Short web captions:
╭──

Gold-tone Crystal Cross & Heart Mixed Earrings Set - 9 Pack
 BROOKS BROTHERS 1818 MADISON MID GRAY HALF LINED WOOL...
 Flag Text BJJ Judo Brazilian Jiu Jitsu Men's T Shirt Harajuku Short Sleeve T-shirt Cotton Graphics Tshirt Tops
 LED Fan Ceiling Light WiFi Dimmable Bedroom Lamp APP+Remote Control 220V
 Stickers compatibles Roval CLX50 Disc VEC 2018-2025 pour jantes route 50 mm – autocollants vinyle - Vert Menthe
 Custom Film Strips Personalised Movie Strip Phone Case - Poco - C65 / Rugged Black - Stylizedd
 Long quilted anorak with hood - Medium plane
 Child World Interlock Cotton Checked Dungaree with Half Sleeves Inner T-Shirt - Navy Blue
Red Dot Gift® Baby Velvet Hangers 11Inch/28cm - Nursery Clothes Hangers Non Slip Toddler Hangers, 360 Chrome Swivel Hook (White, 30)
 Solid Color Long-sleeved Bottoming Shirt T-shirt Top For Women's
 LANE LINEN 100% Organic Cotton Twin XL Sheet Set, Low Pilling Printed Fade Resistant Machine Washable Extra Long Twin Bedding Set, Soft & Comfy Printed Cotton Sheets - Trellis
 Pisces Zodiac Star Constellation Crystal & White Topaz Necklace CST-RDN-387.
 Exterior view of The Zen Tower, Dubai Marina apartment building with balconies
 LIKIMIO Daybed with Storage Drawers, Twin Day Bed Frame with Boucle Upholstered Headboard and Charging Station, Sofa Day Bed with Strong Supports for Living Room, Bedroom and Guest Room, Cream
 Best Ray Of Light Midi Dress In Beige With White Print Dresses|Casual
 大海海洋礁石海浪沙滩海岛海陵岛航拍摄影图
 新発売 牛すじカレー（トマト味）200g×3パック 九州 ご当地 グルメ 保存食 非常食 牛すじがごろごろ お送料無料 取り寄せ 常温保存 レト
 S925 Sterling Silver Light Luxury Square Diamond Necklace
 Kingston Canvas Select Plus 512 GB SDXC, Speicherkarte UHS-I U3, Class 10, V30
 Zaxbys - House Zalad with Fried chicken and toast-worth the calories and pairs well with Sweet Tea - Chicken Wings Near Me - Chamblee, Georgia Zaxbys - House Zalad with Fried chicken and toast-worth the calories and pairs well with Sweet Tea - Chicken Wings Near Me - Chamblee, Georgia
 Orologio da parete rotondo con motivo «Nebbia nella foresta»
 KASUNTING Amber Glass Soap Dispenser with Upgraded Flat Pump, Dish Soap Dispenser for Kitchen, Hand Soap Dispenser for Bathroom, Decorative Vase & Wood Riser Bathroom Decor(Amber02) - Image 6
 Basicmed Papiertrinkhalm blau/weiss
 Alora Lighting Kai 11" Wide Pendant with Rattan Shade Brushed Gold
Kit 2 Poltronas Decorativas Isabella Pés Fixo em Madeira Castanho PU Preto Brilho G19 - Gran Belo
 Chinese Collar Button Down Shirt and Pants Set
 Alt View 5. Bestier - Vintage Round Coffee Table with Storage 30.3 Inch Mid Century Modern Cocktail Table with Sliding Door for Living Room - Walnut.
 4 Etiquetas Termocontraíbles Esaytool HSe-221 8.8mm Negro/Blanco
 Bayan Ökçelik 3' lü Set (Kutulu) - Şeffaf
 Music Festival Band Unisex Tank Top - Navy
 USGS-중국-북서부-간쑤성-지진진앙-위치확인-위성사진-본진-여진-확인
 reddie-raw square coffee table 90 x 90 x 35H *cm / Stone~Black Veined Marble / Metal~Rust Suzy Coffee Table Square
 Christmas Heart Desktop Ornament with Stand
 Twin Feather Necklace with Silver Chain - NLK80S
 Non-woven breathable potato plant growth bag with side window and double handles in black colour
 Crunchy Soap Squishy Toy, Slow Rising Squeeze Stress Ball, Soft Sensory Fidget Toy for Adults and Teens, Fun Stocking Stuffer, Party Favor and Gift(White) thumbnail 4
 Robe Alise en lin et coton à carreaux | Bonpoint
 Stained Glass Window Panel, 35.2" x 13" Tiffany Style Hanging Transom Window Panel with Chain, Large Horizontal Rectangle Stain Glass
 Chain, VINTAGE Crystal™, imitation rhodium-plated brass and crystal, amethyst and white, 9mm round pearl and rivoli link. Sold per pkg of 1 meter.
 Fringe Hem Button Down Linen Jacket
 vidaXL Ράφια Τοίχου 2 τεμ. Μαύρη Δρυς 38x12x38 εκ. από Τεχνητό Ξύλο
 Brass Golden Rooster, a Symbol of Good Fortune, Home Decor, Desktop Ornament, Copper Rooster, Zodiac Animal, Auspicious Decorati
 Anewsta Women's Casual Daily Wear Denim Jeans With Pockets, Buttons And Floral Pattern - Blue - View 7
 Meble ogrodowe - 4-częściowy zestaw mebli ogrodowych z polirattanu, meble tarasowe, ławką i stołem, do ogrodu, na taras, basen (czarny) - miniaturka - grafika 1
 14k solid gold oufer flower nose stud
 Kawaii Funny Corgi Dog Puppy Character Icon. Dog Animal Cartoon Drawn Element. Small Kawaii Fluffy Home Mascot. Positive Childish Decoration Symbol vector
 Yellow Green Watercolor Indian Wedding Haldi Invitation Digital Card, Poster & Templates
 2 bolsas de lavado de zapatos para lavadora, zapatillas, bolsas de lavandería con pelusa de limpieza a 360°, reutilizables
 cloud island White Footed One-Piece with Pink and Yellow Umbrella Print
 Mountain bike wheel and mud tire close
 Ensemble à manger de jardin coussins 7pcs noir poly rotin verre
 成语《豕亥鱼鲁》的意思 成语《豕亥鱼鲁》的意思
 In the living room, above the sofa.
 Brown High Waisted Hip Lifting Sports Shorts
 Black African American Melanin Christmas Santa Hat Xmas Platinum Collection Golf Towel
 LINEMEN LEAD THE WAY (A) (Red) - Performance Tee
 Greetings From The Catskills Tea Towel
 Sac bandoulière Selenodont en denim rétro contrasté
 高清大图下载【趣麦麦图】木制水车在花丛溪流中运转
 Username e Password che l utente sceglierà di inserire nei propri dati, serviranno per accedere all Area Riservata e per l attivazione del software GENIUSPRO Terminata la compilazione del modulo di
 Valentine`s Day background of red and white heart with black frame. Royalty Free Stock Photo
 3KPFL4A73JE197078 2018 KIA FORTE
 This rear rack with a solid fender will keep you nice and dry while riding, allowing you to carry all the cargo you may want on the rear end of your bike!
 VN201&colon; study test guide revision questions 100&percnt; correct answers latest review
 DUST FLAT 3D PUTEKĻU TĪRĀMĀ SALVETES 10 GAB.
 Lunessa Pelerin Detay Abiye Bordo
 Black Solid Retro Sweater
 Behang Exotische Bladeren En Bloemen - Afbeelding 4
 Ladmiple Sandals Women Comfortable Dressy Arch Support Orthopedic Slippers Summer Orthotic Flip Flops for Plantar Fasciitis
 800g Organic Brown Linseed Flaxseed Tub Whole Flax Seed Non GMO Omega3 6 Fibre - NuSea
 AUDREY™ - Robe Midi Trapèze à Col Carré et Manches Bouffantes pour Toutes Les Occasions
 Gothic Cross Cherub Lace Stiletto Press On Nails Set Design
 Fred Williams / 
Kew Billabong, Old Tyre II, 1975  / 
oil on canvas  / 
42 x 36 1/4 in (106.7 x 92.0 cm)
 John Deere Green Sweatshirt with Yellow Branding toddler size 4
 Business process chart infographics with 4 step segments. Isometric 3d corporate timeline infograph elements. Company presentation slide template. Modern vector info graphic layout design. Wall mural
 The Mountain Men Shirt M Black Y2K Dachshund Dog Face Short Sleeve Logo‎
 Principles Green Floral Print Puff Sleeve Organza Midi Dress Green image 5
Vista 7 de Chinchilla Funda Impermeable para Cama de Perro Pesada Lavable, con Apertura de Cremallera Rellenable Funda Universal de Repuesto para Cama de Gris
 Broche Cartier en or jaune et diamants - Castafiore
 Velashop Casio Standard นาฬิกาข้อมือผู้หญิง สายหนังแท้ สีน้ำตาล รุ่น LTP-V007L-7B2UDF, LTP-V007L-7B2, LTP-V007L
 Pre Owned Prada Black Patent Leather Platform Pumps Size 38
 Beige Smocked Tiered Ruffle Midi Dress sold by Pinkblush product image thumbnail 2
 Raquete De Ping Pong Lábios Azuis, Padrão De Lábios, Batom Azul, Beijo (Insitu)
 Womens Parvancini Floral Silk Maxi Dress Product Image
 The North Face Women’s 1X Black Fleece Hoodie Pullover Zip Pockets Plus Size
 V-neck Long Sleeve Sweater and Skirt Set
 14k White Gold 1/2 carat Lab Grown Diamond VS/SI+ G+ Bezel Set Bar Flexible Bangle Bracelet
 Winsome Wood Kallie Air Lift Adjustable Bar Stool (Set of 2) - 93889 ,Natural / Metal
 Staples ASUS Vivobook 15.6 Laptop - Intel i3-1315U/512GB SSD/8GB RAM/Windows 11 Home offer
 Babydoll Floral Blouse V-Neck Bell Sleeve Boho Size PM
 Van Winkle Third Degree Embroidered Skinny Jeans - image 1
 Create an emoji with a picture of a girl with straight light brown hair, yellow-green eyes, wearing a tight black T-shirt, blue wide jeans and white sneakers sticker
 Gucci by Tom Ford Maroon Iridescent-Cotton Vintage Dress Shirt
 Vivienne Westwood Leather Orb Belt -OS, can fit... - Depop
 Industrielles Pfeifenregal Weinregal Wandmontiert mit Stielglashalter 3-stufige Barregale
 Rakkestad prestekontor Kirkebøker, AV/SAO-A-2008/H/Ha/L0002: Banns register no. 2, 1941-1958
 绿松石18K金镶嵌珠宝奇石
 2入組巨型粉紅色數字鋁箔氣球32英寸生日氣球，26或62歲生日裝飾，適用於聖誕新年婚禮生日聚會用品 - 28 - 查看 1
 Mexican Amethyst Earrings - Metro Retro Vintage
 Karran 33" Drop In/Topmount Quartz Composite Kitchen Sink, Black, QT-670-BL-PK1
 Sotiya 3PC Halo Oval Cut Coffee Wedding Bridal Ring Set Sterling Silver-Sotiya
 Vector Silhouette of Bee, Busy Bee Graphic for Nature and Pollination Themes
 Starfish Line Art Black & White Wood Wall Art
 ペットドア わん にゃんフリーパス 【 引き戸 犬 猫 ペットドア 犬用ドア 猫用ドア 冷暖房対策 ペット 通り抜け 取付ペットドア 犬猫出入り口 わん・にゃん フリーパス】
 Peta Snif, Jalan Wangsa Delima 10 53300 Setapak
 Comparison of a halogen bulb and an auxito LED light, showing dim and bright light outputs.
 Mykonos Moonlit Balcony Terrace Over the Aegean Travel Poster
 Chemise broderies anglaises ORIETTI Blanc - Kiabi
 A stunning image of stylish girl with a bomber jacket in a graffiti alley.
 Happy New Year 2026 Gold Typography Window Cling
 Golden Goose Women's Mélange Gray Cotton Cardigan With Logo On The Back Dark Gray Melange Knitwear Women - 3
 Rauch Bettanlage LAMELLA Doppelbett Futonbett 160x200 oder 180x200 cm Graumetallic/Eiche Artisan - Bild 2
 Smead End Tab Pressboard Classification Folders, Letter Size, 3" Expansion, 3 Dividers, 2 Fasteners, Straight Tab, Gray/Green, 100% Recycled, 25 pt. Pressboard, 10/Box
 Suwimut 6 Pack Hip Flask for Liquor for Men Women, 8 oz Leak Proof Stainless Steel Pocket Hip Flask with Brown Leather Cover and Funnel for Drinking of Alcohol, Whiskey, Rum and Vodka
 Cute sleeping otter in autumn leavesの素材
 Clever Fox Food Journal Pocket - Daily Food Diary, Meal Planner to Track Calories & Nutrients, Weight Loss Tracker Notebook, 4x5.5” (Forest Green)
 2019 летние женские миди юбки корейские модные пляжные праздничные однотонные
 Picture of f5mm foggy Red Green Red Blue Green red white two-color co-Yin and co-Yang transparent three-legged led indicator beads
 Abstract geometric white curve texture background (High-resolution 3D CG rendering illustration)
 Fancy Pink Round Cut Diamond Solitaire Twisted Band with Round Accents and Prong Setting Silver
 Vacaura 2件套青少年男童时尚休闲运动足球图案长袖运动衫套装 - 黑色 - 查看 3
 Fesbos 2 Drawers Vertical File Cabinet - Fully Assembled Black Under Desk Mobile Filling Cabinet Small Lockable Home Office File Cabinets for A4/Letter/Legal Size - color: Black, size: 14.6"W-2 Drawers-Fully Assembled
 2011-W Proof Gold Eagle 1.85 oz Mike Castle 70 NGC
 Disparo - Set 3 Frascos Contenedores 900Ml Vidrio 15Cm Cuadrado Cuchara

╰──

▶ _Work order_: Start with the line above that contains "Greetings From The Catskills Tea Towel" and end with the line that contains "Kew Billabong, Old". Write out those lines exactly, and only those.

▶ _Result for this task_:
 Greetings From The Catskills Tea Towel
 Sac bandoulière Selenodont en denim rétro contrasté
 高清大图下载【趣麦麦图】木制水车在花丛溪流中运转
 Username e Password che l utente sceglierà di inserire nei propri dati, serviranno per accedere all Area Riservata e per l attivazione del software GENIUSPRO Terminata la compilazione del modulo di
 Valentine`s Day background of red and white heart with black frame. Royalty Free Stock Photo
 3KPFL4A73JE197078 2018 KIA FORTE
 This rear rack with a solid fender will keep you nice and dry while riding, allowing you to carry all the cargo you may want on the rear end of your bike!
 VN201&colon; study test guide revision questions 100&percnt; correct answers latest review
 DUST FLAT 3D PUTEKĻU TĪRĀMĀ SALVETES 10 GAB.
 Lunessa Pelerin Detay Abiye Bordo
 Black Solid Retro Sweater
 Behang Exotische Bladeren En Bloemen - Afbeelding 4
 Ladmiple Sandals Women Comfortable Dressy Arch Support Orthopedic Slippers Summer Orthotic Flip Flops for Plantar Fasciitis
 800g Organic Brown Linseed Flaxseed Tub Whole Flax Seed Non GMO Omega3 6 Fibre - NuSea
 AUDREY™ - Robe Midi Trapèze à Col Carré et Manches Bouffantes pour Toutes Les Occasions
 Gothic Cross Cherub Lace Stiletto Press On Nails Set Design
 Fred Williams / 
Kew Billabong, Old Tyre II, 1975  / 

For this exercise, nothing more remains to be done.